# Exercise instructions
Could you please reproduce all the records below exactly, leaving out the images?
╔══
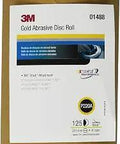 Stikit Gold Aluminum Oxide 8 Inch P220 Sanding Discs Roll Adhesive Backed Tear Off Without Liner 125 Discs Per Roll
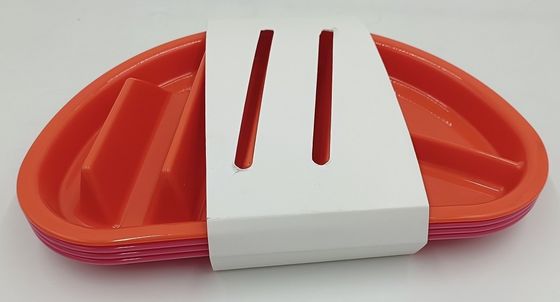 Sustainable Dishwasher Safe BPA Free Microwave Taco Plastic Plates for Back to School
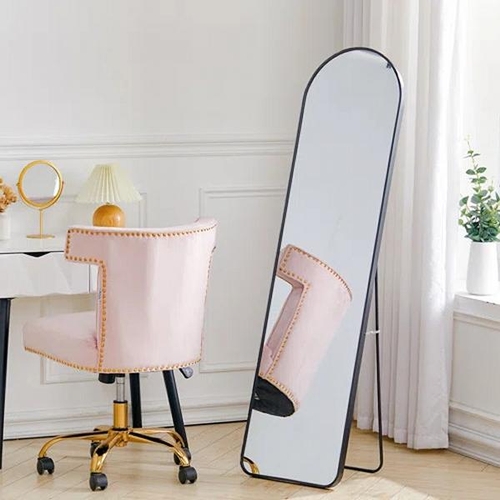 8043 - 17 STORIES LOURINDA METAL FRAMED FULL LENGTH MIRROR IN BLACK / SIZE: 160 CM H X 50 CM W / RRP: �105.... 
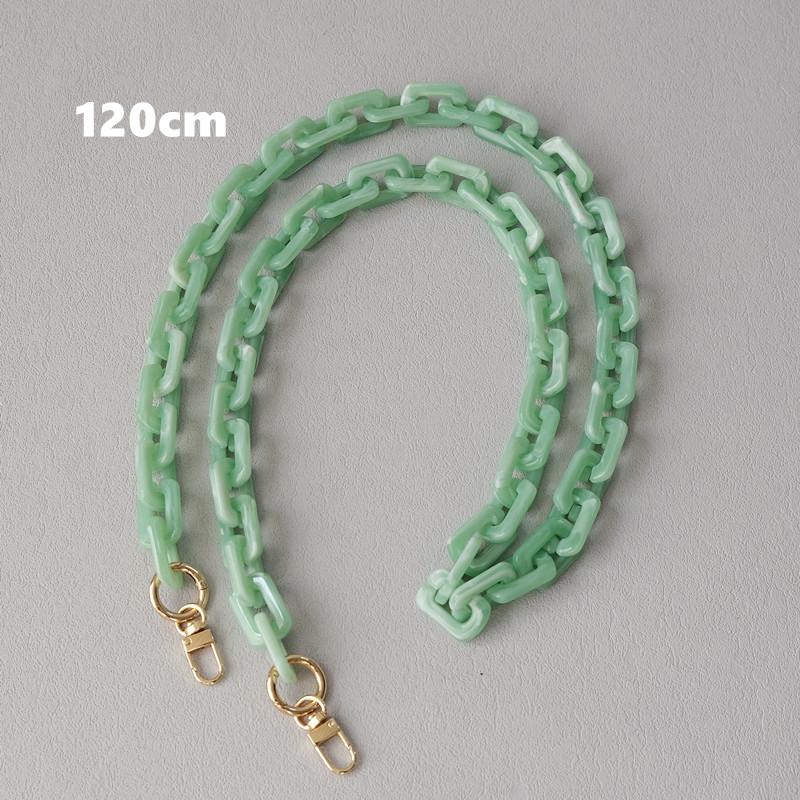 New Woman Bag Chain Accessory Detachable Parts Candy Crossbody Resin Luxury Strap Women Handbag Chains Acrylic Shoulder Handles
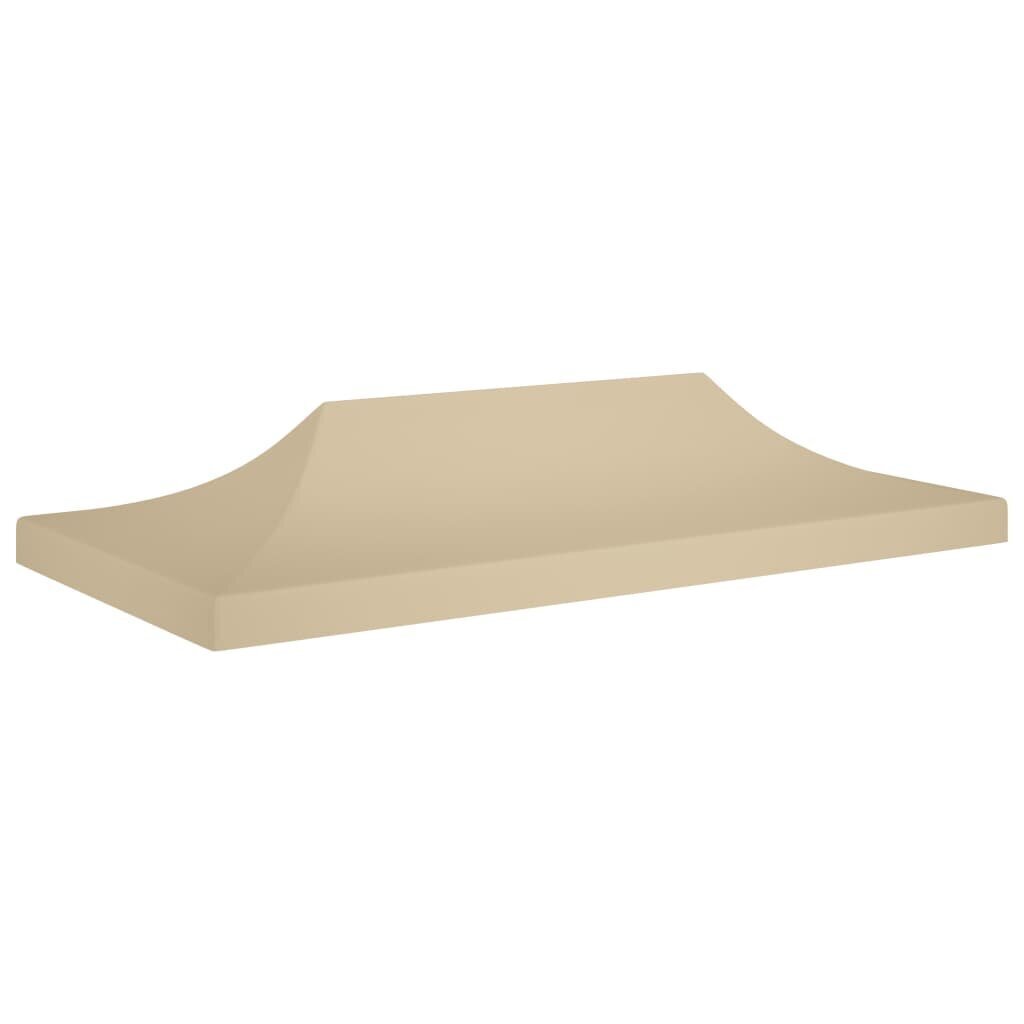 Juhlateltan katto 6x3 m beige 270 g/m² hinta ja tiedot | Puutarhapaviljongit | hobbyhall.fi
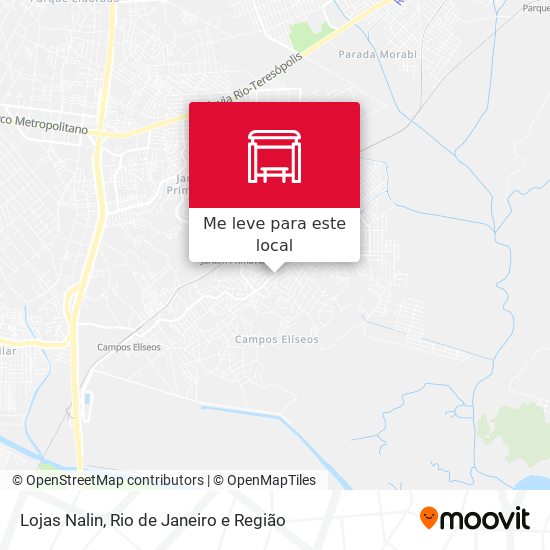 Lojas Nalin mapa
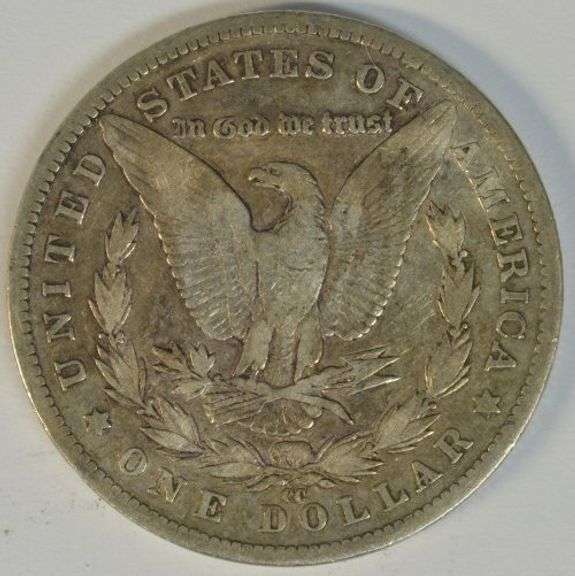 Handsome 1883-CC Morgan Silver Dollar. Key date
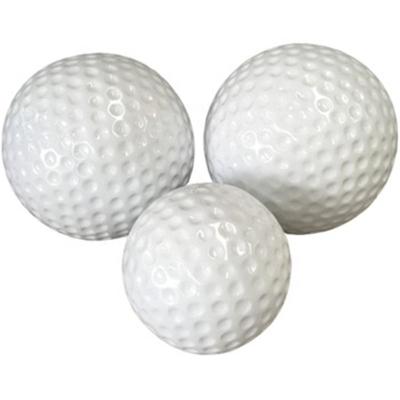 China Modern China Golf Fiberglass Golf Ball Resin Signature Ball Props Sculpture for sale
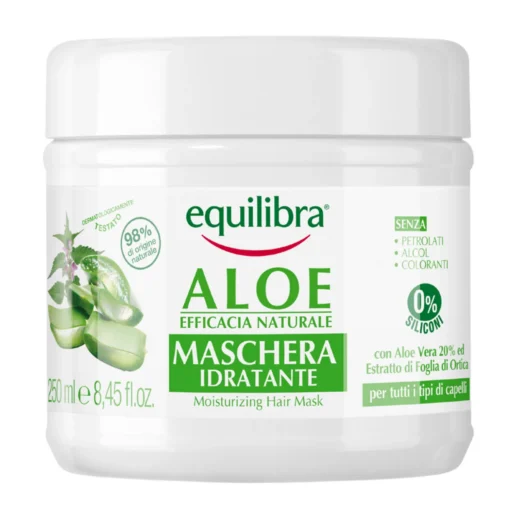 Equilibra Aloe, Aloe-Feuchtigkeitsmaske, 250 ml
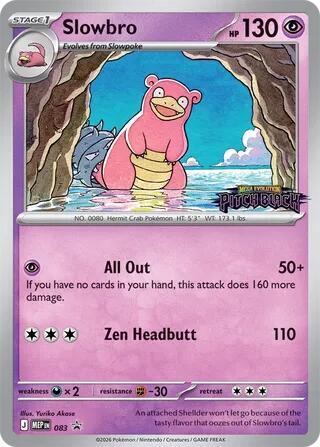 Slowbro - 083 (Pitch Black Stamped) 83 Promo Mega Evolution Promo Pokémon card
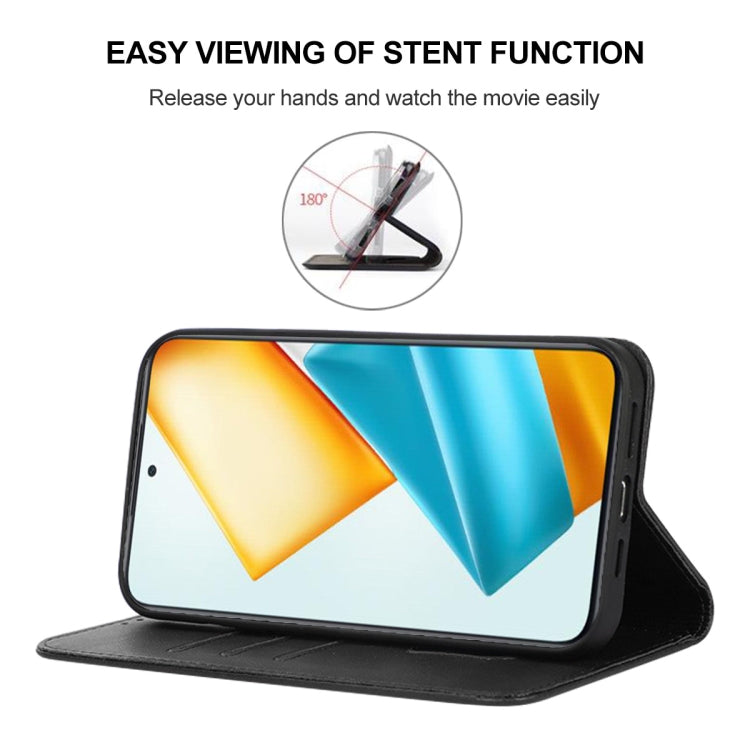 For Honor 90 GT Magnetic Closure Leather Phone Case(Black)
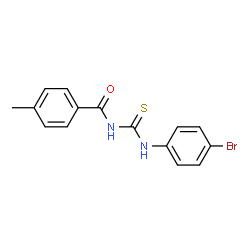 ChemSpider 2D Image | N-[(4-Bromophenyl)carbamothioyl]-4-methylbenzamide | C15H13BrN2OS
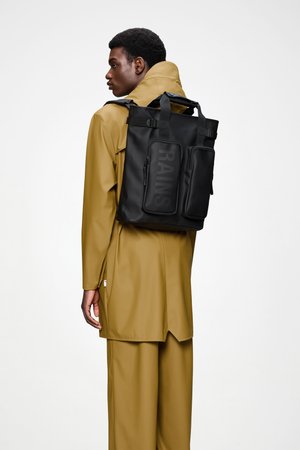 Rains TEXEL TOTE BACKPACK UNISEX - Rucksack - black
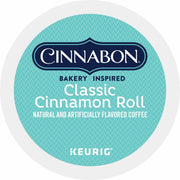 Compatible with Keurig Brewer - Regular - Light - K-Cup, Pod - Classic Cinnamon Roll - Kosher - 24 / Box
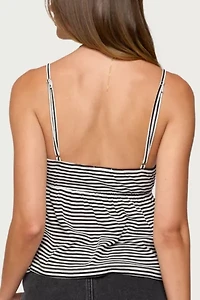 Edikted Orietta Striped Babydoll Top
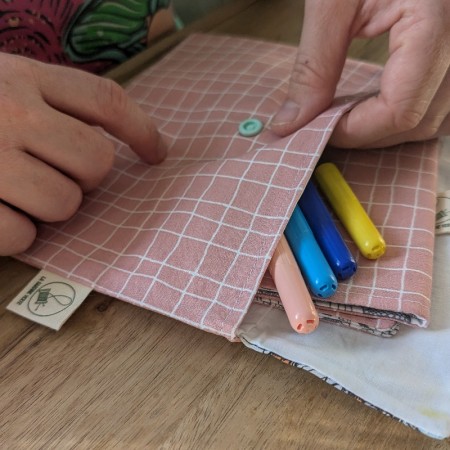 Pochette à colorier Maisons | Coloriage lavable adulte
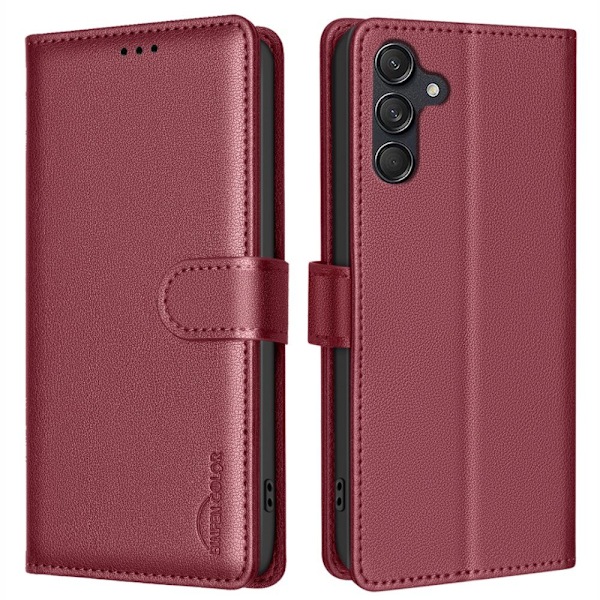 Samsung Galaxy A16 / A26 5G Fodral RFID Läder Röd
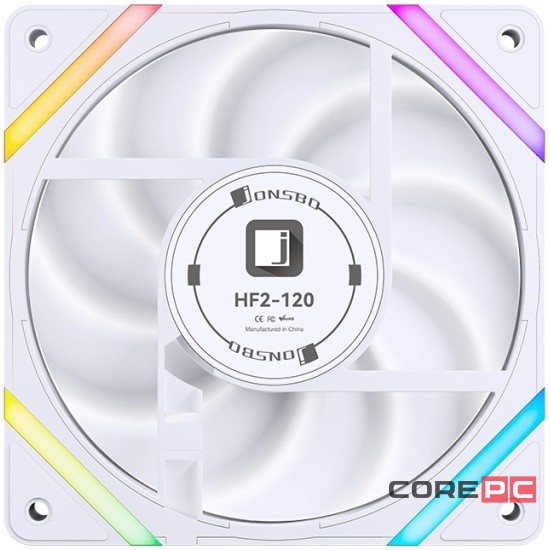 Вентилятор для корпуса JONSBO HF2-120WR Reverse ARGB LED White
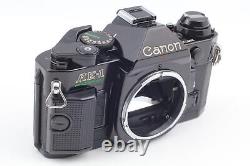 MINT Canon AE-1 Program black 35mm film Camera NEW FD 50mm f1.4 Lens FromJAPAN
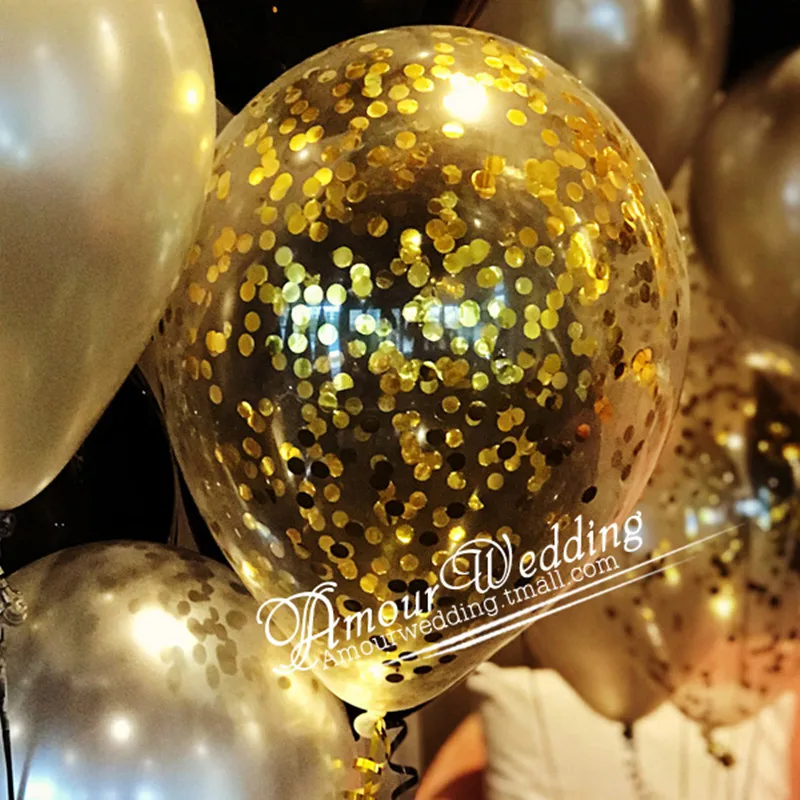 12 шт. прозрачные латексные шары с конфетти дюймов|balloon 12|balloon balloonballoon transparent |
╚══
# Task result
 Stikit Gold Aluminum Oxide 8 Inch P220 Sanding Discs Roll Adhesive Backed Tear Off Without Liner 125 Discs Per Roll
 Sustainable Dishwasher Safe BPA Free Microwave Taco Plastic Plates for Back to School
 8043 - 17 STORIES LOURINDA METAL FRAMED FULL LENGTH MIRROR IN BLACK / SIZE: 160 CM H X 50 CM W / RRP: �105.... 
 New Woman Bag Chain Accessory Detachable Parts Candy Crossbody Resin Luxury Strap Women Handbag Chains Acrylic Shoulder Handles
 Juhlateltan katto 6x3 m beige 270 g/m² hinta ja tiedot | Puutarhapaviljongit | hobbyhall.fi
 Lojas Nalin mapa
 Handsome 1883-CC Morgan Silver Dollar. Key date
 China Modern China Golf Fiberglass Golf Ball Resin Signature Ball Props Sculpture for sale
 Equilibra Aloe, Aloe-Feuchtigkeitsmaske, 250 ml
 Slowbro - 083 (Pitch Black Stamped) 83 Promo Mega Evolution Promo Pokémon card
 For Honor 90 GT Magnetic Closure Leather Phone Case(Black)
 ChemSpider 2D Image | N-[(4-Bromophenyl)carbamothioyl]-4-methylbenzamide | C15H13BrN2OS
 Rains TEXEL TOTE BACKPACK UNISEX - Rucksack - black
 Compatible with Keurig Brewer - Regular - Light - K-Cup, Pod - Classic Cinnamon Roll - Kosher - 24 / Box
 Edikted Orietta Striped Babydoll Top
 Pochette à colorier Maisons | Coloriage lavable adulte
 Samsung Galaxy A16 / A26 5G Fodral RFID Läder Röd
 Вентилятор для корпуса JONSBO HF2-120WR Reverse ARGB LED White
 MINT Canon AE-1 Program black 35mm film Camera NEW FD 50mm f1.4 Lens FromJAPAN
 12 шт. прозрачные латексные шары с конфетти дюймов|balloon 12|balloon balloonballoon transparent |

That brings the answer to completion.